The end to end principle argues that end nodes can directly connect without 
requiring the help of an intermediary. Unfortunately, this principle is a dead 
letter on the Internet today and nobody ever seems to notice. 

Just look at the arguments about net neutrality. They are all about the right 
to listen, not the right to be heard. That is, the right to connect to any 
service one wants on equal terms but not the right to run one's own service and 
be heard on one's own terms. As such we only allow people to be heard if they 
are mediated by someone else. 

For example, my mobile phone has more than enough CPU and battery to run basic 
services on my behalf but when I'm on a cell connection or at work or in a café 
I can't be heard. I'm forced to be behind a NAT, firewall or both and so cut 
off. Sure, I can listen to whomever I want, but I can't be heard.

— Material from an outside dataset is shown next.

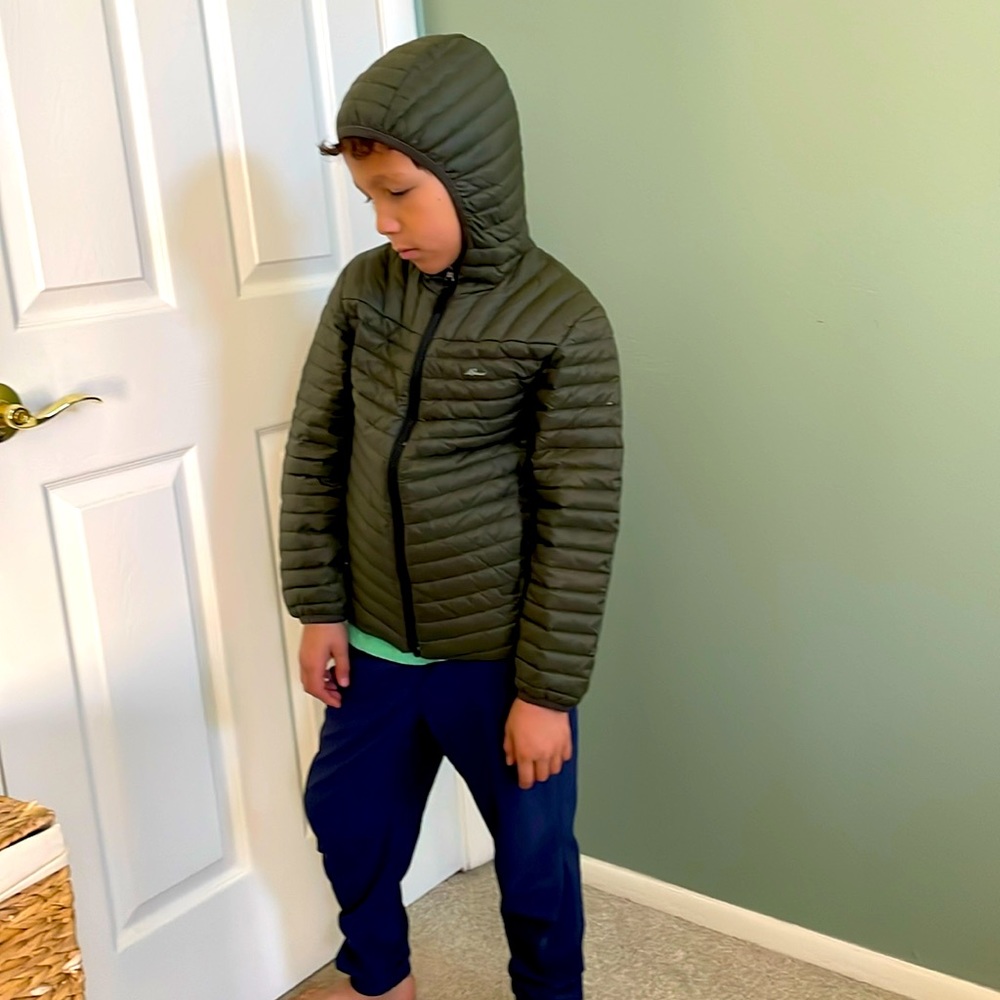 Eddie Bauer puffer jacket youth small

Tor, along with anonymity, has the ability to start the long and hard process 
of redressing this imbalance. To not just provide the right to listen 
anonymously (i.e. via an onion connection) but also the right to be heard 
anonymously (i.e. via a hidden service).

Tor has argued that we have the right to listen without being forced to expose 
our identity. Don't we also have the right to be heard without being forced to 
expose our identity? 

It would be awful if just as people's personal devices are powerful to give 
them a voice, Tor takes away the infrastructure needed to make that voice 
audible.

-----Original Message-----
From: tor-talk [mailto:tor-talk-boun...@lists.torproject.org] On Behalf Of eliaz
Sent: Thursday, February 25, 2016 11:02 AM
To: tor-talk@lists.torproject.org
Subject: Re: [tor-talk] Fwd: Cryptopolitik and the Darknet

grarpamp:
> ---------- Forwarded message ----------
> From: Steve Kinney <ad...@pilobilus.net>
> Date: Mon, 15 Feb 2016 08:59:32 -0500
> Subject: Cryptopolitik and the Darknet
> To: cypherpu...@cpunks.org
> 
> Cryptopolitik and the Darknet

As an erstwhile bridge operator & also one who's put a lot of thought into the 
possibilities of abuse of the network, and also never quite believing that 
"there are more good than bad people," I found the article extremely useful.  
Two passages from the summary:

"Proponents of hidden services argue that the cryptographic protocols that 
power the internet today were at the fringe of software development and 
considered a threat as late as 1995. Hidden services, they argue, are what 
https was 20 years prior: the future of security, not a threat to security. 
These arguments are strong, and cannot be dismissed; the technology may well 
mature and move into the mainstream in the future. But the crypto purists, 
Tor's developers among them, often fail to acknowledge an even more fundamental 
point, one that is deeply rooted in the recent history of cryptography: 
enhanced privacy, enhanced authentication and enhanced user anonymity are not 
tied to the service or content provider remaining anonymous and unregistered. 
Our first four properties – security, authentication, user anonymity and cash 
(or blockchains) – are entirely disconnected from the fifth: unidentified 
hidden exchanges. These issues are conceptually, politically and technically 
distinct. "

"End-to-end encryption will therefore always be available to a determined, 
capable user. Moreover, at present, the powerful dynamics of open markets for 
communication services do not favour end-to-end encryption among individuals at 
a large scale, thus limiting the technology's wider appeal and uptake. Any 
attempt to systematically undermine end-to-end encryption – through legislation 
requiring service providers to retain the option of removing encryption for any 
given user – will likely strengthen more secure implementations by creating 
more demand for them, and thus help criminals and militants. We believe it 
should be a political no-go area for democratically elected governments to 
pursue such a path."

So if it's possible to retain the desirable aspects of onion services while 
also abandoning unidentifiability of content providers, why not do it?  Tor 
operators and users could then join the rest a progressive society, no?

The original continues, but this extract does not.